2) Впоследствии Солженицын высказался об Эйзенштейне уже от своего собственного лица минимум дважды — и в обоих случаях почти в тех же словах, что и Х-123. В статье 1983 года «Фильм о Рублеве» творчество этого режиссера было определено как «заказное» (по словам писателя, в фильме «Александр Невский» Эйзенштейн «грубо выполнял социальный заказ режима»[706]) и искажающее русскую историю. Более развернутое утверждение можно найти в книге «Двести лет вместе», опубликованной в 2000–2002 годах. Солженицын пишет о большой роли режиссеров еврейского происхождения в становлении советского кино. Однако имена этих режиссеров в основном просто перечислены. Эйзенштейн — единственный, кто удостоен развернутой характеристики[707] — как объясняет автор, из-за масштаба дарования:
…Крупнейшая фигура всего раннесоветского кино — Сергей Эйзенштейн. Он привнес в искусство «эпичность, монументальную масштабность массовых сцен, их чередование с крупными планами, эмоциональную насыщенность монтажа и ритма»[708]. Однако использовал он свой дар — по заказу. Мировая громовая слава «Броненосца „Потемкина“», таран в пользу Советов, а по сути своего воздействия на широкую публику — безответственное вышивание по русской истории, взвинчивание проклятий на старую Россию, с измышленным «кинематографическим аксессуаром»: как будто накрыли толпу матросов брезентом для расстрела (и вошло в мировое сознание как исторический факт), да «избиение» на одесской лестнице, какого не было. (Потом понадобилось услужить Сталину на тоталитарной идее, потом и на национальной, — Эйзенштейн тут как тут.)[709]

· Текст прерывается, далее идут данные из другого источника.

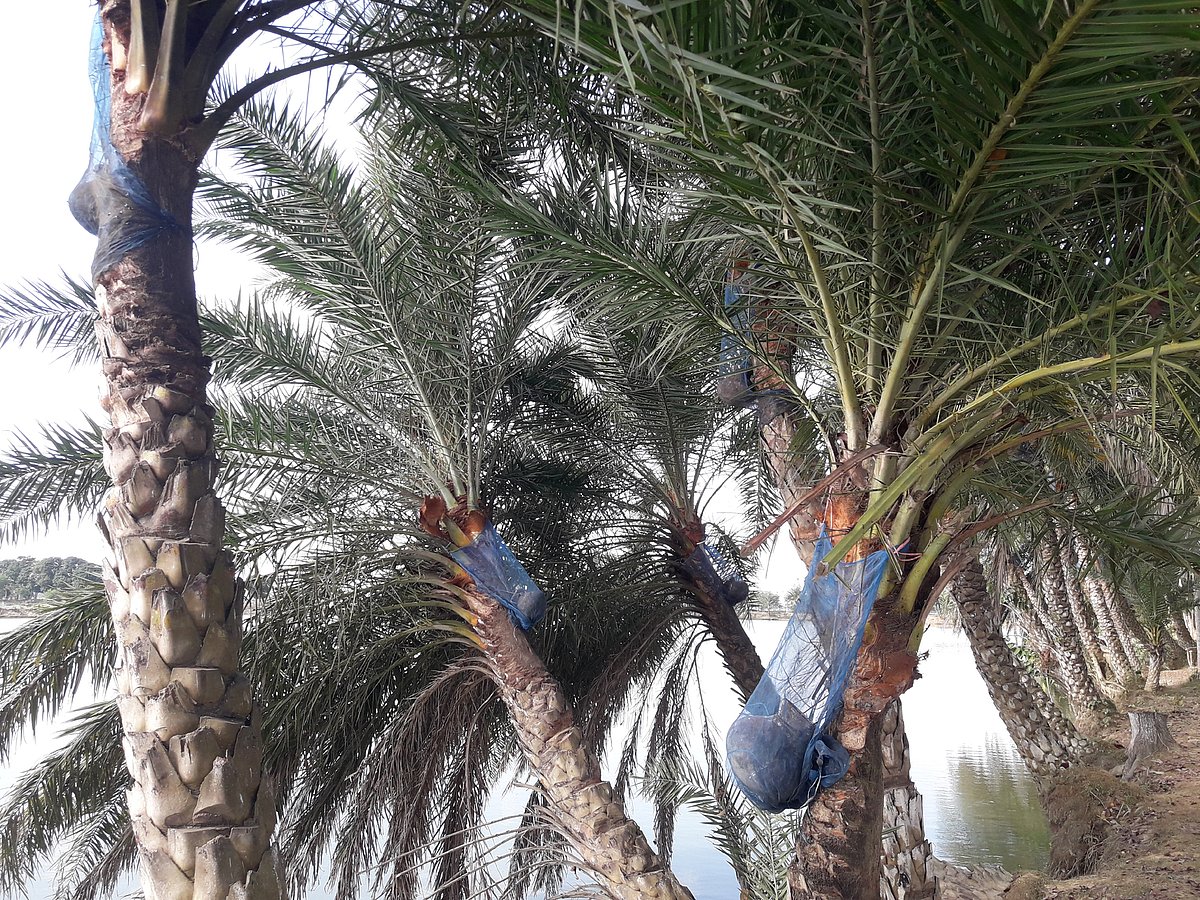 হাওরপারের মাছের খামারে সারি সারি খেজুরগাছ। গাছে মাটির হাড়ি বেঁধে রাখা। মৌলভীবাজার সদর উপজেলার হাইল হাওরপারের ছিকরাইলে। গত রোববার দুপুরে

Таким образом, на протяжении нескольких десятилетий — почти всей своей литературной жизни! — Солженицын находился в активном творческом диалоге с Эйзенштейном, но все эти годы отзывался о его творчестве негативно, считая его заслуживающим не содержательной полемики, а только вынесения твердой этической оценки. Это противоречие требует объяснений.